### Data records

++++++++++

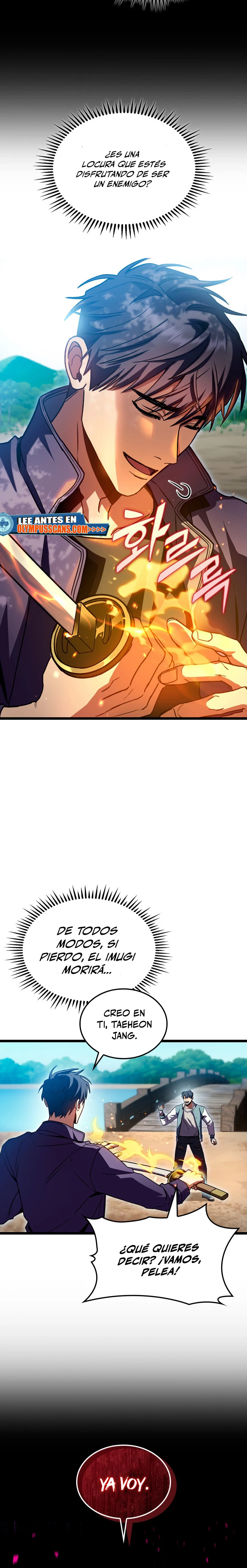 Cazador de destinos de clase F > Capitulo 32 > Page 351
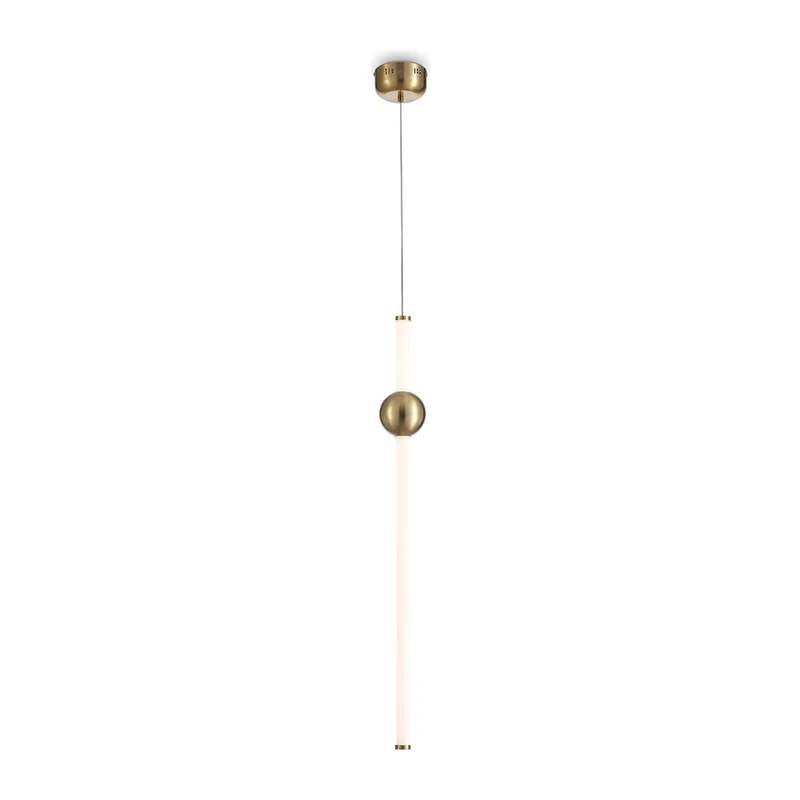 Подвесной светильник Пина / Pina Freya FR5387PL-L14.5BS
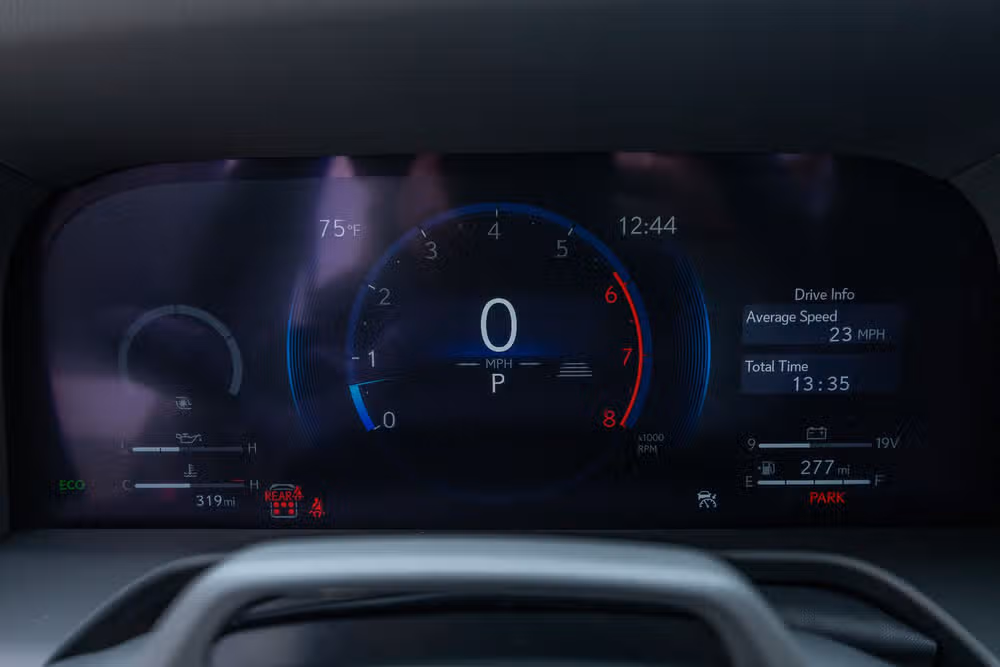 2026 Lexus GX 550 Premium+ Image 20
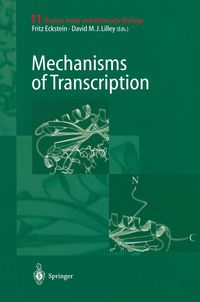 Produktbild: Mechanisms of Transcription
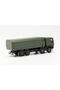 1:87 Ho Iveco Trakker 8X8 Military Protected Brandalı Open Body Truck (Miniature Plastic Model) - 6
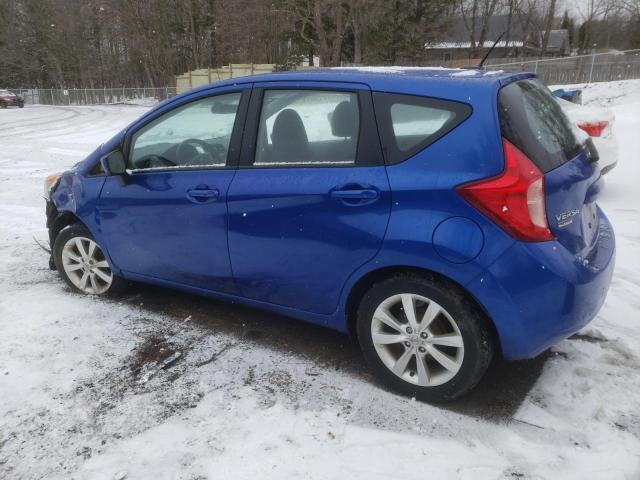 Photo 2 from auction – 2015 NISSAN VERSA NOTE with VIN 3N1CE2CP4FL439087
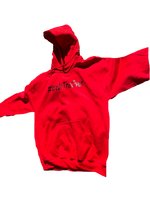 Solid Red #WeInTheOven Hoodie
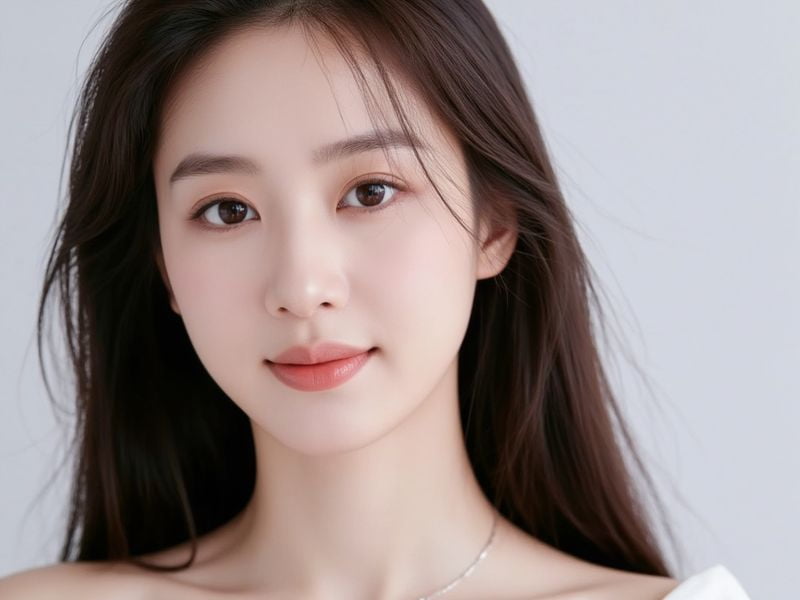 3. 案例 3:短鼻 + 朝天鼻,术后 “延长不突兀”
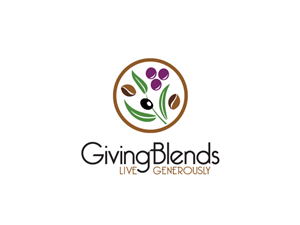 Giving Blends/Live Generously | Design de Logo par Tammy Moore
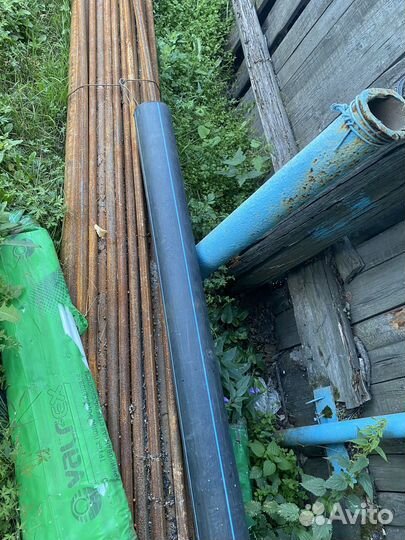 Трубы металлические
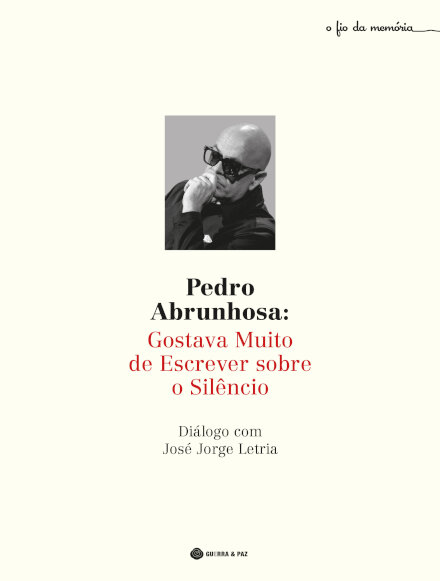 Pedro Abrunhosa-Gostava Muito De Escrever Sobre O Silêncio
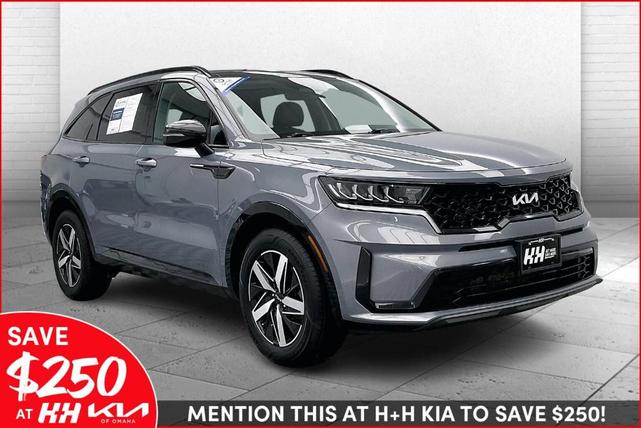 2022 Kia Sorento
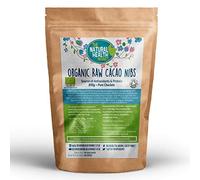 Organic RAW Cacao Nibs by The Natural Health Market (800g)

++++++++++

### Brief
Beginning with the line that contains "2022 Kia Sorento", reproduce every line through the end of the records above exactly, leaving pictures out.

### Answer area
 2022 Kia Sorento
 Organic RAW Cacao Nibs by The Natural Health Market (800g)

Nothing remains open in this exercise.